Sivens : Un climat de défiance

François Hollande a promis la vérité sur la mort de Rémi Fraisse mais ne convainc ni la famille ni les manifestants contre les violences policières.

Lena Bjurström  • 13 novembre 2014 abonné·es

La « vérité » sur les circonstances de la mort de Rémi Fraisse, c’est ce à quoi se sont engagés le ministre de l’Intérieur, le Premier ministre et le président de la République. Des promesses qui peinent à convaincre la famille du jeune militant écologiste, tué par une grenade offensive lors d’une manifestation sur le chantier du barrage de Sivens, le 26 octobre. Et les interrogations des parents de Rémi Fraisse résument bien le climat de défiance qui s’est instauré vis-à-vis des autorités. « Pourquoi, alors que les militaires le voient expressément tomber à la suite de l’explosion de la grenade, que les circonstances de sa mort sont connues dès cet instant, la vérité sur la mort de notre enfant et frère n’a-t-elle pas été immédiatement révélée ? », demandaient-ils, par la voix de leur avocat, lors d’une conférence de presse le 6 novembre. Selon une enquête de Mediapart, le gouvernement aurait « immédiatement » connu la cause de la mort de Rémi Fraisse, et tenté, pendant quarante-huit heures, de « brouiller les pistes ». *« Pourquoi le préfet du Tarn a-t-il appelé à une extrême sévérité à l’égard des manifestants du barrage de Sivens ? »,* s’interroge la famille. « Pourquoi des militaires en si grand nombre et surarmés étaient présents en face du rassemblement pacifique  […] et pourquoi ces militaires  [ont-ils] délibérément jeté une grenade contenant exclusivement des explosifs ? » Près de 40 grenades offensives auraient été lancées par les gendarmes cette nuit-là, 23 d’après les déclarations du directeur général de la gendarmerie nationale, Denis Favier, au Parisien. Dans les médias, chaque bord tente de faire valoir son point de vue. Les « débordements de casseurs » des uns sont les « provocations policières » des autres. Une bataille d’opinion où s’affrontent la dénonciation et la justification de la « violence légitime » des forces de l’ordre, dont le bien-fondé n’a cessé d’être remis en cause par les manifestants qui battent le pavé depuis la mort de Rémi Fraisse.

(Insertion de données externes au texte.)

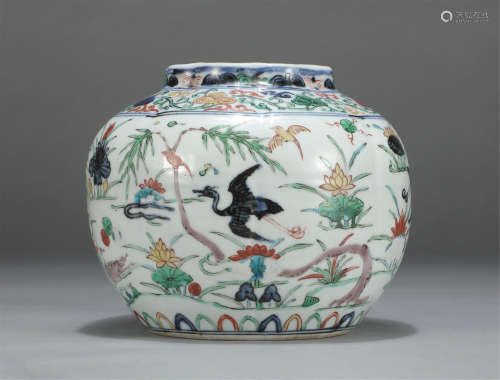 Chinese Wucai Mythical Crane And Flower Pattern Porcelain Jar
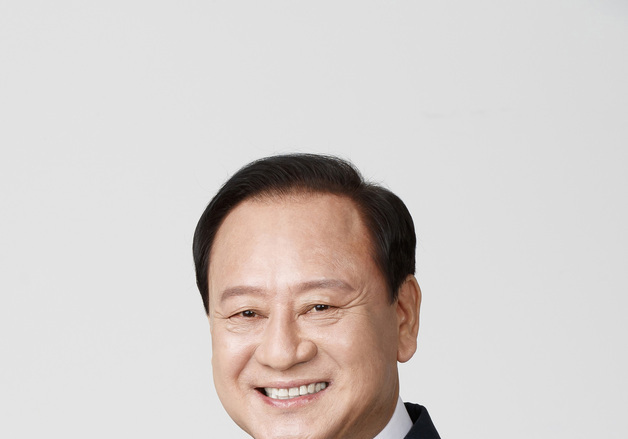 [6·3 지방선거]서울 마포구청장, 민주 유동균 '확실'…30.44% 개표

Car deux semaines après les événements de Sivens, la mobilisation se poursuit. Plusieurs lycées parisiens étaient tout ou partiellement bloqués les 6 et 7 novembre. Des défilés ont été organisés dans plusieurs villes de France ce week-end, la plupart émaillés d’altercations avec la police. Au-delà de la mort de Rémi Fraisse, les manifestants dénonçaient les « violences policières » en général, la photo du jeune militant écologiste côtoyant parfois dans les cortèges celles de Zyed et Bouna, ces deux adolescents électrocutés lors d’une course-poursuite avec la police en 2005. « On est là pour Rémi Fraisse, mais aussi plus globalement pour manifester notre colère », expliquait un manifestant parisien, samedi, dénonçant « l’attitude des forces de l’ordre ». Certains défilés étaient interdits par les préfectures qui craignaient de possibles « violences » et des « dégradations », comme lors de précédents rassemblements en hommage à Rémi Fraisse. À Paris comme ailleurs, l’usage de gaz lacrymogènes et l’interpellation de plusieurs manifestants (17 gardes à vue à Toulouse) n’ont fait que renforcer l’indignation des militants, qui prévoient de nouveaux défilés dans les prochains jours.